Activity
Among the records below, find the line that has "Haliç Köprüsü’nde yaşandı."; from there, give the lines again exactly, and stop after the line that has "Na Clocha Lia, Station".

Supplied data
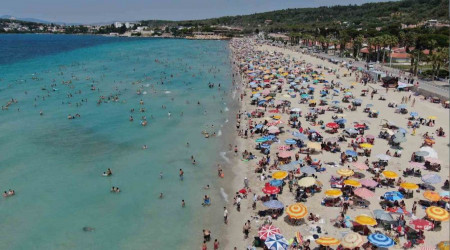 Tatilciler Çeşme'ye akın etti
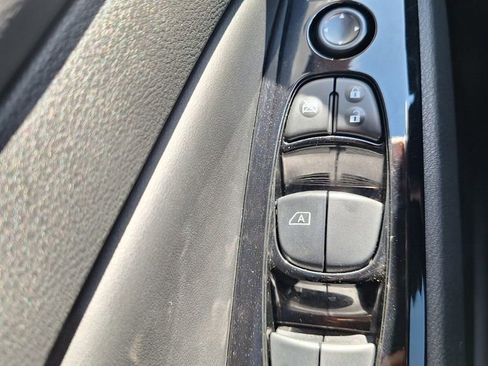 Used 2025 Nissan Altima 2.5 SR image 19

...

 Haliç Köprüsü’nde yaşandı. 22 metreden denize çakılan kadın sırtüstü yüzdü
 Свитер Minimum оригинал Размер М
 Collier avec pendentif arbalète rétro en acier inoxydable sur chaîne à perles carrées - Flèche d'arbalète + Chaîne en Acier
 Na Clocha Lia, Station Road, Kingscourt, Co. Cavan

Reply
 Haliç Köprüsü’nde yaşandı. 22 metreden denize çakılan kadın sırtüstü yüzdü
 Свитер Minimum оригинал Размер М
 Collier avec pendentif arbalète rétro en acier inoxydable sur chaîne à perles carrées - Flèche d'arbalète + Chaîne en Acier
 Na Clocha Lia, Station Road, Kingscourt, Co. Cavan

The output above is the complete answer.